Not all News International journalists will have reason to feel very proud today but those at The Times are entitled to do so. The paper has published as a supplement (£) a report from Martin Narey, the former Chief Executive of Barnado's, making the case for more children to be placed for adoption and full of ideas for how to bring that about.
There is a wealth of interesting material. One of the greatest scandal is that the supposedly "anti racist" policy of insisting on an ethnic match in placements has led to the most astonishingly damaging racial discriminsation against black children left in the care system.
White children in care are three times more likely to be adopted than black children.
Black as opposed to BME children fare particularly badly. When a child is taken into care, the decision on whether to pursue adoption should be taken after six months. It is troubling enough that for white children that decision is not taken for 11 months. It is indefensible for black children to wait 17 months for that decision. For those who are eventually adopted, being black extends the time lag to adoption by almost a year (345 days). Worst of all, the option that we know offers the best prospects for a child’s future, adoption, is extended to only about 10 per cent of black children leaving care and only about 15 per cent of Asian children, while 35 per cent of white children leaving care become adopted.
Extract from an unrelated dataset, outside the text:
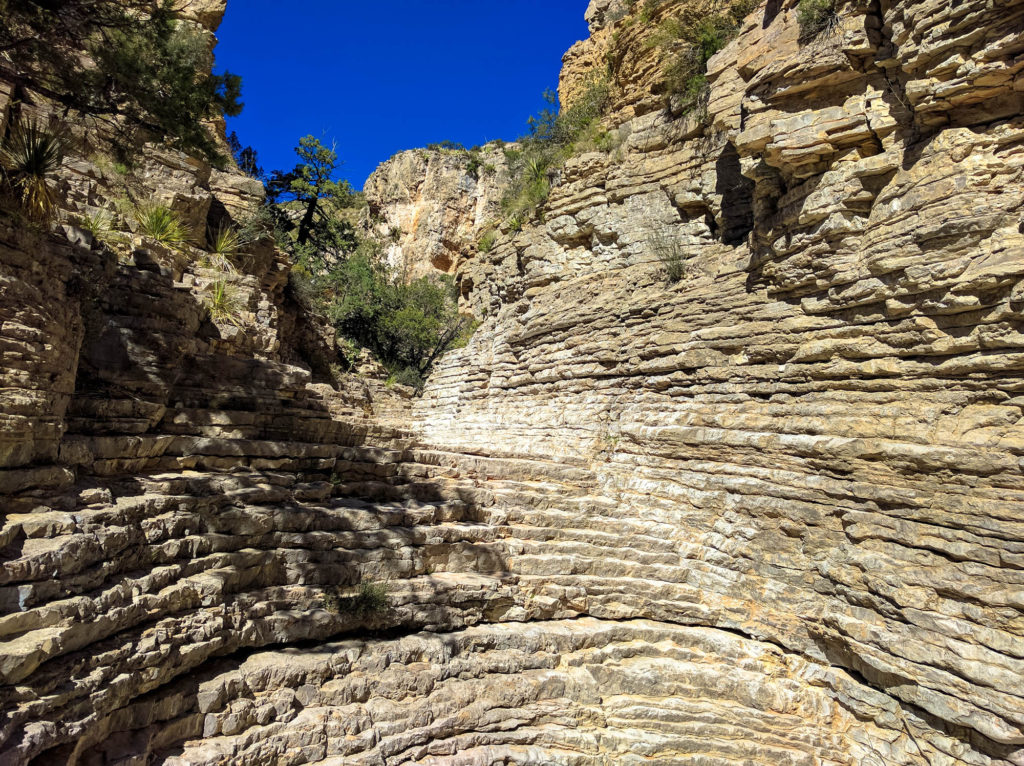 Granite Steps on Devil's Hall Trail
Narey suggests that data be published so that councils be named and shamed for the gao in outcomes according to children from different ethnic groups. I suspect that would not be enough and that there needs to be a legal prohibition on seeking an ethnic match in circusmstances where it would be likely to cause delay.
He also tackles the myth that adoption has a high failure rate.
Over some years, and as chief executive of Barnardo’s, I was told frequently of the tragic experiences of children adopted from Romanian orphanages and the very high breakdown rates as damaged children wore out parents unable to compensate for the harshness of the treatment experienced by these babies and young children while in public care in Romania.
These children’s treatment in Romania was certainly harsh. As Professor Michael Rutter described in 1998, this was the experience of children in Romanian orphanages which was exposed by the fall of
Ceausescu in 1989:
In most instances the children were mainly confined to cots; there were very few toys or playthings, and sometimes none at all; there was very little talk from caregivers; no personalised caregiving; children were fed gruel by bottles using teats with large holes, often left propped up without any caregiver being involved; and there was a variable, but sometimes harsh, physical environment. The children were often washed down by being hosed with cold water.
Professor Rutter followed the fortunes of 165 of these children adopted into the UK and aged up to three and a half years old, but concentrated on those (98 of the sample) who had lived in these appalling conditions until at least the age of six months. They were followed until they reached their 14th birthday.
It is significant to point out that at the time these adoptions took place their failure was widely predicted. Many local authorities did all they could to prevent them from taking place and in the event some of these children, immensely challenging as they were, became adopted by parents who would not have been approved for the adoption of a UK child, perhaps because they were too old or they had children already. This encouraged the dire predictions of catastrophe and — as I experienced subsequently — confident assertions that the predicted breakdowns had indeed occurred.
When arriving in the UK the children provided an immense challenge. Rutter described the children as having a developmental level that was severely impaired. But while other studies followed the fortunes of those children who remained in Romanian institutions and whose psychological impairment did continue, Rutter found that in all cases the children adopted into the UK caught up developmentally, and of the 165 children studied there were only two breakdowns.
It is a serious piece of work. Lots of areas are covered. There is criticism of Special Guardianships (where children are placed with relatives when a clean break would be in their interests). Why are not women planning abortion encouraged to consider adoption instead? I don't agree with all of it. There is too much emphasis placed on child being placed in the care system being better than left with a disastrous heroin addict birth mother. (That is true but both scenarios are pretty disastrous, That is why adoption needs to be pushed.) Narey has some anti localist ideas about the answer being for councils to be told it is a "priority" for the Prime Minister – but incentives would probably be more effective.
However taken as a whole this is a really important. Narey is optimistic that a "dramatic increase" in adoptions can be achieved. His report will help make that a reality.